Bruxelles a présenté de premières pistes, que les ministres examinent lundi: les obligations de maintien des prairies permanentes devraient ainsi être assouplies cette année pour les éleveurs en reconversion, afin qu'ils ne perdent pas de revenus.

De même, une tolérance serait accordée aux agriculteurs ne respectant pas les exigences de la PAC en raison d'épisodes climatiques extrêmes.

Enfin, les exigences de déclaration seraient allégées et un recours à l'imagerie satellitaire contribuerait à réduire "de jusqu'à 50%" les visites de contrôle.

"Prix justes"

Bruxelles a déjà entériné une dérogation partielle sur les obligations de jachères. Plusieurs Etats demanderont lundi des flexibilités semblables sur les obligations de rotation des cultures.

"La discussion lundi se focalisera sur ces mesures de court terme applicables très rapidement", souligne un diplomate européen, avant d'éventuelles révisions législatives de la PAC, plus complexes et qui impliqueraient les eurodéputés.

L'exécutif européen assure envisager de telles modifications législatives à "moyen terme" pour "réduire la charge" sur les exploitations.

En marge du salon de l'Agriculture à Paris, le commissaire à l'Agriculture Janusz Wojciechowski s'est même dit dimanche ouvert à rendre simplement "incitatives" certaines obligations vertes comme les jachères ou la rotation des cultures.

Pour autant, les organisations manifestant lundi jugent insuffisantes les mesures esquissées.

Elles exigent notamment l'"arrêt définitif" des négociations commerciales avec les pays sud-américains du Mercosur, Bruxelles ayant simplement reconnu que les conditions "n'étaient pas réunies" actuellement pour les conclure.

Surtout, elles réclament un "meilleur partage de la valeur" avec industriels et distributeurs. "Il faut garantir (aux exploitants) des prix justes et stables protégés de la spéculation", martèle la coordination paysanne alternative Via Campesina.

"Problèmes structurels"

"L'agriculture est dans un étau économique se resserrant chaque année", entre d'un côté l'inflation des prix des engrais et de l'énergie, et de l'autre la chute des prix de vente.

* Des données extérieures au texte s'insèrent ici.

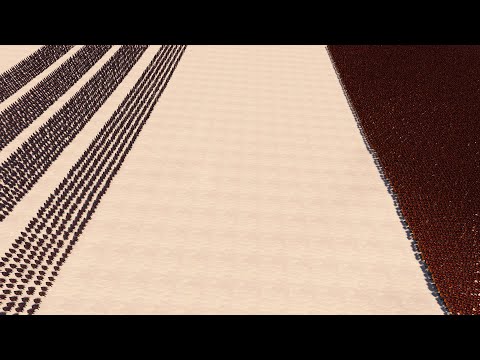 20,000 Spartans Vs Arrow Rain Ultimate Epic Battle Simulator UEBS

A cela s'ajoute que "les contingents de blé ukrainien coulent le marché", indique à l'AFP Vincent Delobel, éleveur de chèvres et administrateur de la Fugea.

Certes, Bruxelles a proposé des mesures de restriction des importations ukrainiennes, déjà approuvées par les Vingt-Sept et désormais discutées au Parlement européen.

Sans satisfaire le secteur agricole: sucre, volaille et oeufs ukrainiens seraient plafonnés, mais aux niveaux de 2022/2023, jugés beaucoup trop élevés, et cette restriction ne concerne pas les céréales.

Le sujet reste explosif: après avoir paralysé la frontière ukrainienne, des agriculteurs polonais en colère ont commencé à bloquer dimanche un important poste frontalier avec l'Allemagne.

Vincent Delobel dénonce "la loi de la jungle au niveau des prix": "On n'arrive pas à en vivre. Et les primes de la PAC viennent juste en perfusion".